- **What the task asks**:
In full and exactly, reproduce the entries below, but omit the pictures.

- **Records for this task**:
------------------------------------

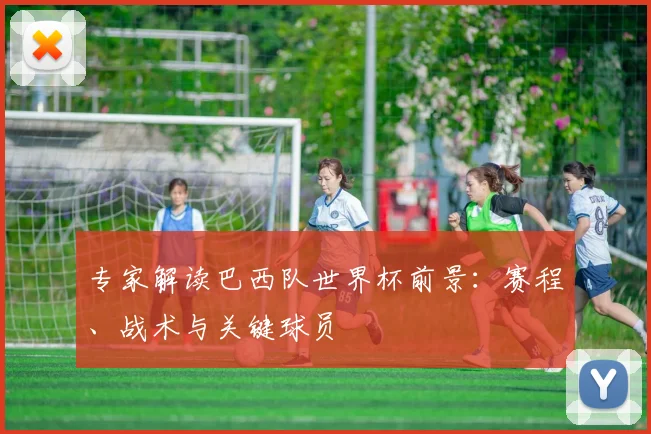 专家解读巴西队世界杯前景：赛程、战术与关键球员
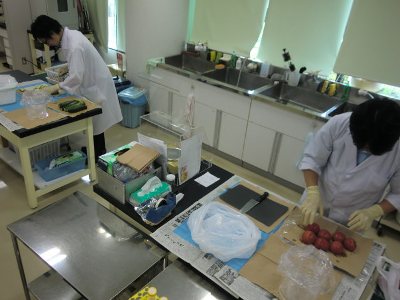 oshirase20120725-5.jpg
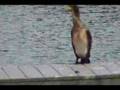 Great Cormorant At Lake Paran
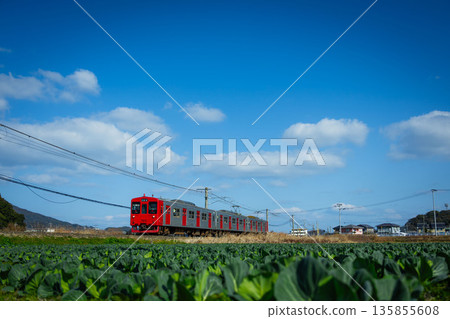 一列普通列車穿過糸島的菜園。 135855608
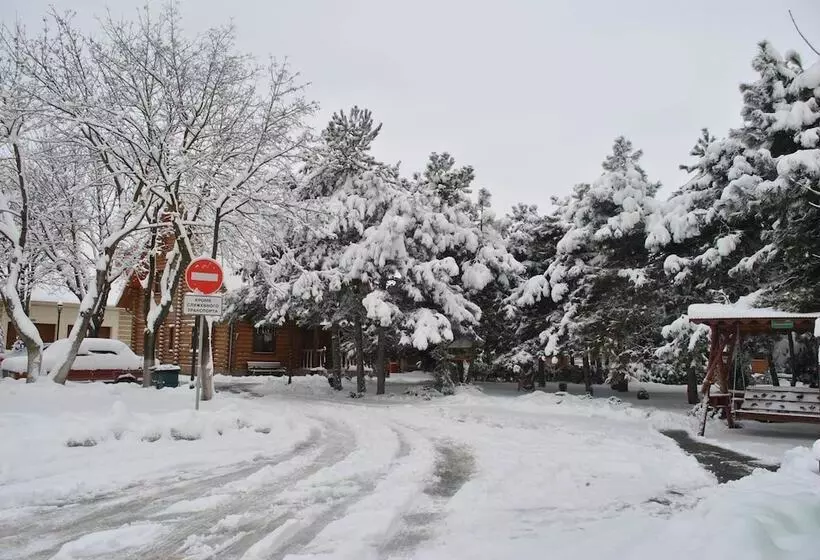 هتل Kompleks Otdykha Elki Palki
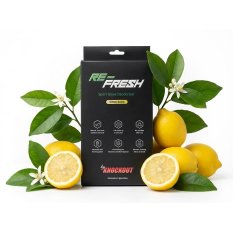 Re-Fresh Pochłaniacz wilgoci XXL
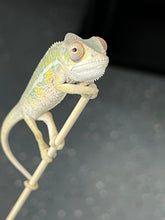 Load image into Gallery viewer, AMBILOBE male: Sam x Amie (Q7)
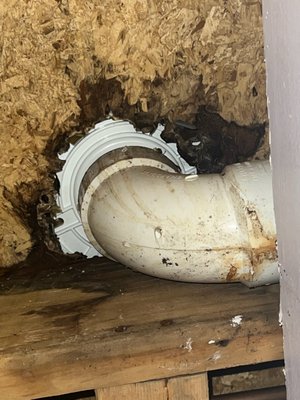 The rotting subfloor as seen from the room directly below after water mitigation to open and dry the wet areas.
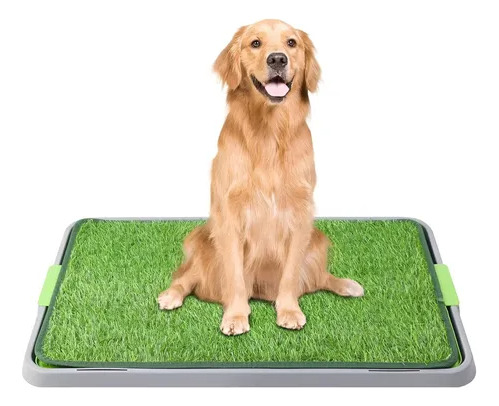 Baño Pet Potty Para Perros Reutilizable Sanitario Mascotas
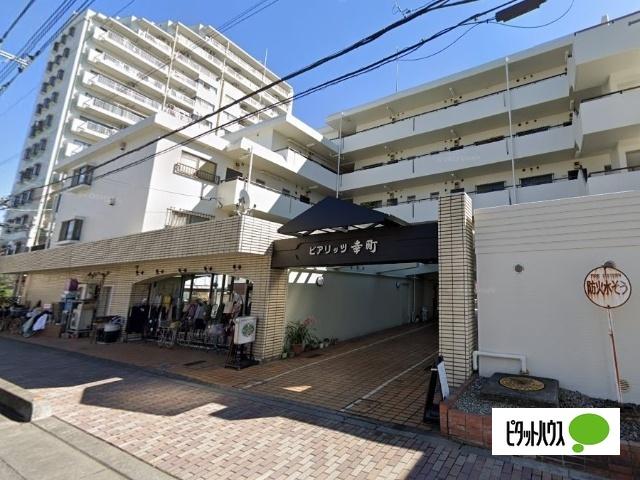 ビアリッツ幸町（505） 外観
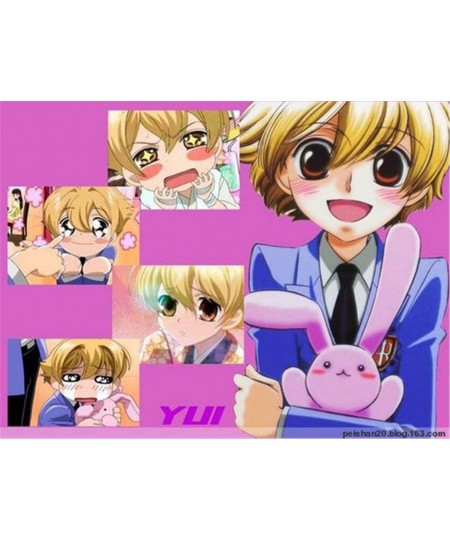 Ouran High School Host Club Pink Rabbit Plush Doll 16" Bun Rabbit of Haninoduka Mitsukuni $65.23 - Plush Figure Toys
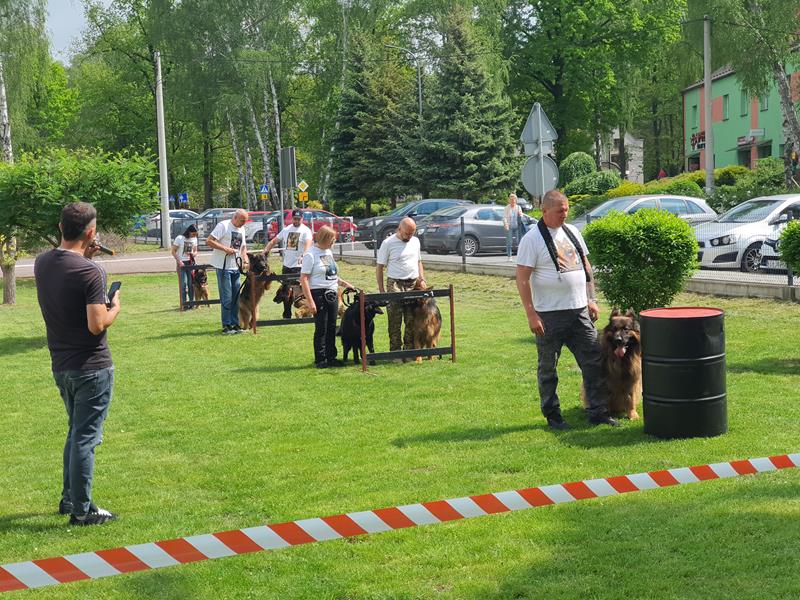 pokaz szkolenia psów (75)
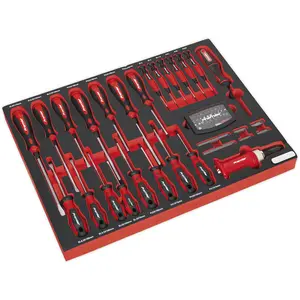 Premium 72-Piece Screwdriver Set with Tool Tray - Slotted & Philips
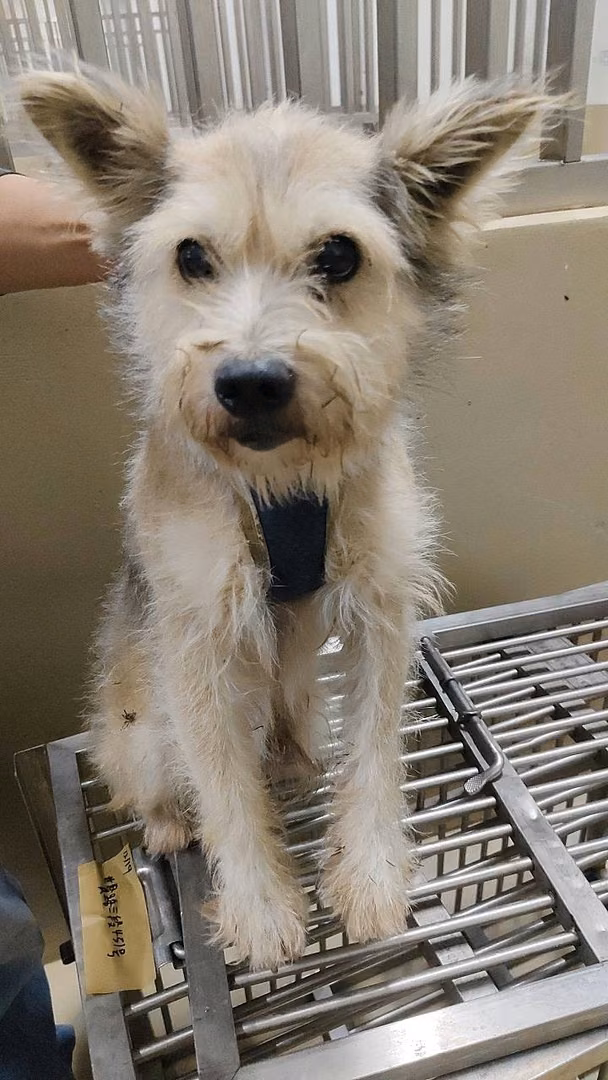 The dog, from the shelter's listing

------------------------------------

- **Solution for this problem**:
 专家解读巴西队世界杯前景：赛程、战术与关键球员
 oshirase20120725-5.jpg
 Great Cormorant At Lake Paran
 一列普通列車穿過糸島的菜園。 135855608
 هتل Kompleks Otdykha Elki Palki
 Re-Fresh Pochłaniacz wilgoci XXL
 Load image into Gallery viewer, AMBILOBE male: Sam x Amie (Q7)
 The rotting subfloor as seen from the room directly below after water mitigation to open and dry the wet areas.
 Baño Pet Potty Para Perros Reutilizable Sanitario Mascotas
 ビアリッツ幸町（505） 外観
 Ouran High School Host Club Pink Rabbit Plush Doll 16" Bun Rabbit of Haninoduka Mitsukuni $65.23 - Plush Figure Toys
 pokaz szkolenia psów (75)
 Premium 72-Piece Screwdriver Set with Tool Tray - Slotted & Philips
 The dog, from the shelter's listing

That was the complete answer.